*WORK INSTRUCTIONS*
Exact retyping of the data: please keep every word and drop each picture.

*SUPPLIED INFORMATION*
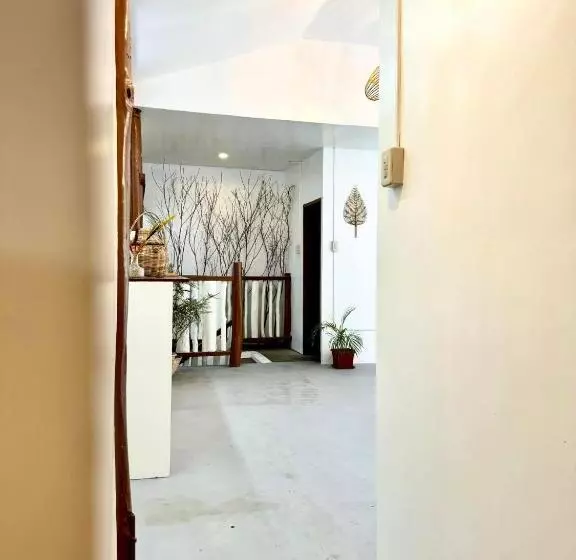 Mayad El Nido Hostel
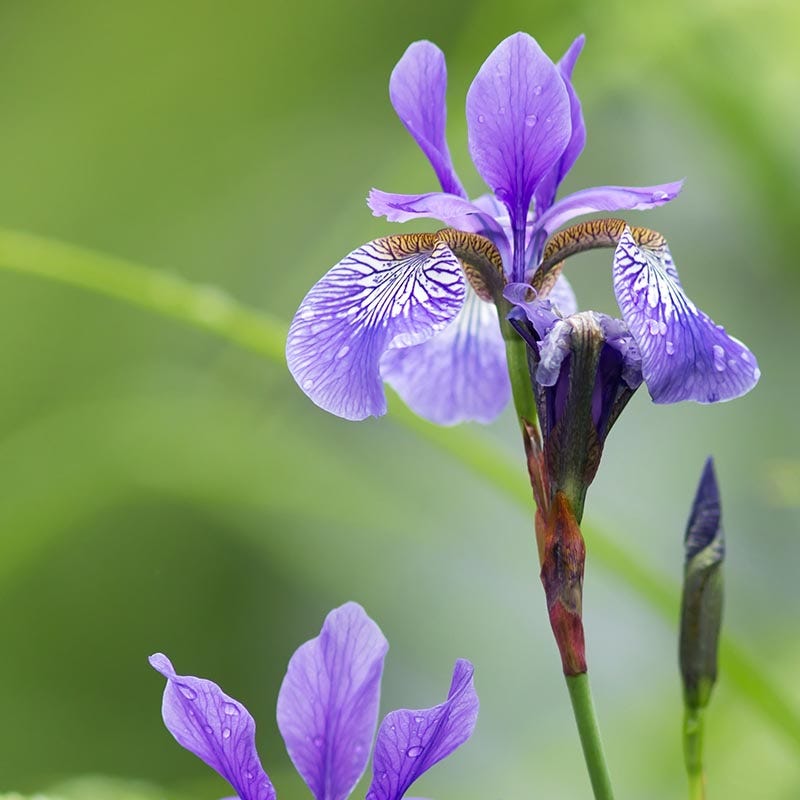 Blue Flag Iris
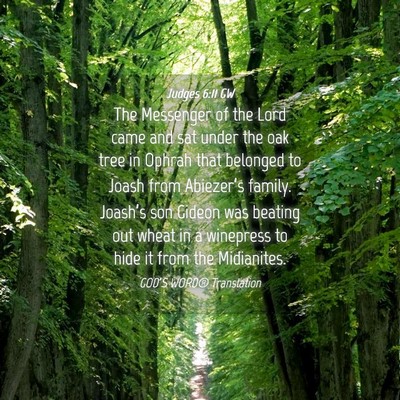Picture 04 - Judges 6:11 GW - The Messenger of the Lord came and sat under the - Bible Verse Picture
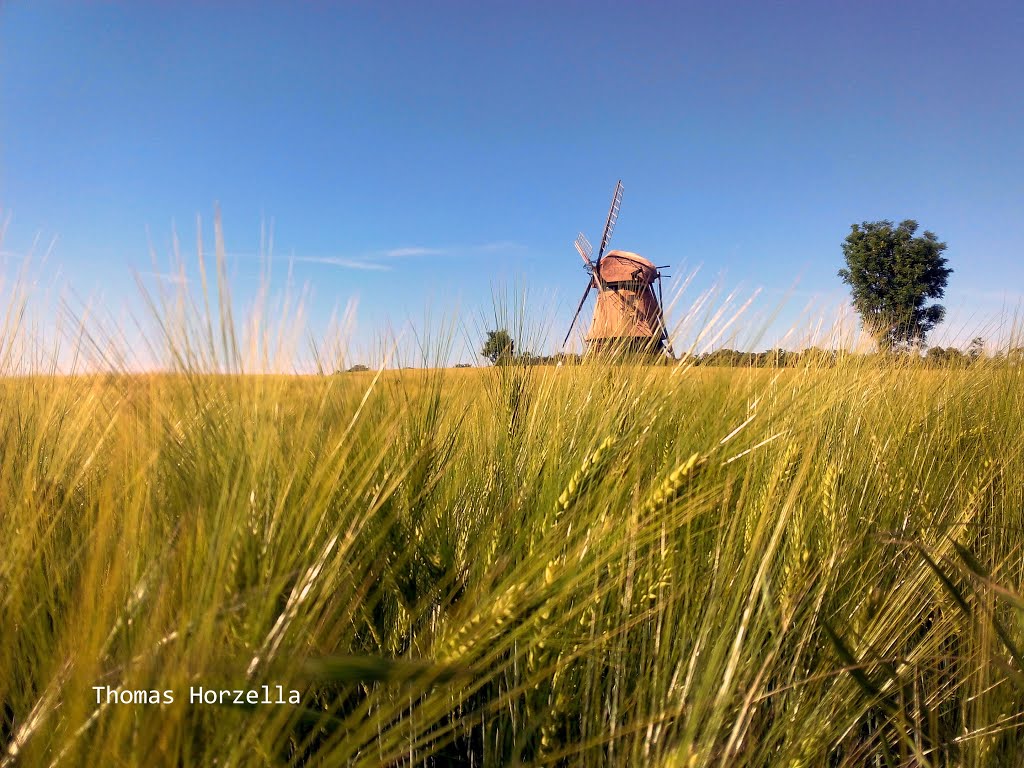 Windmühle im Getreidefeld by Thomas Horzella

*WRITTEN SOLUTION*
 Mayad El Nido Hostel
 Blue Flag Iris
Picture 04 - Judges 6:11 GW - The Messenger of the Lord came and sat under the - Bible Verse Picture
 Windmühle im Getreidefeld by Thomas Horzella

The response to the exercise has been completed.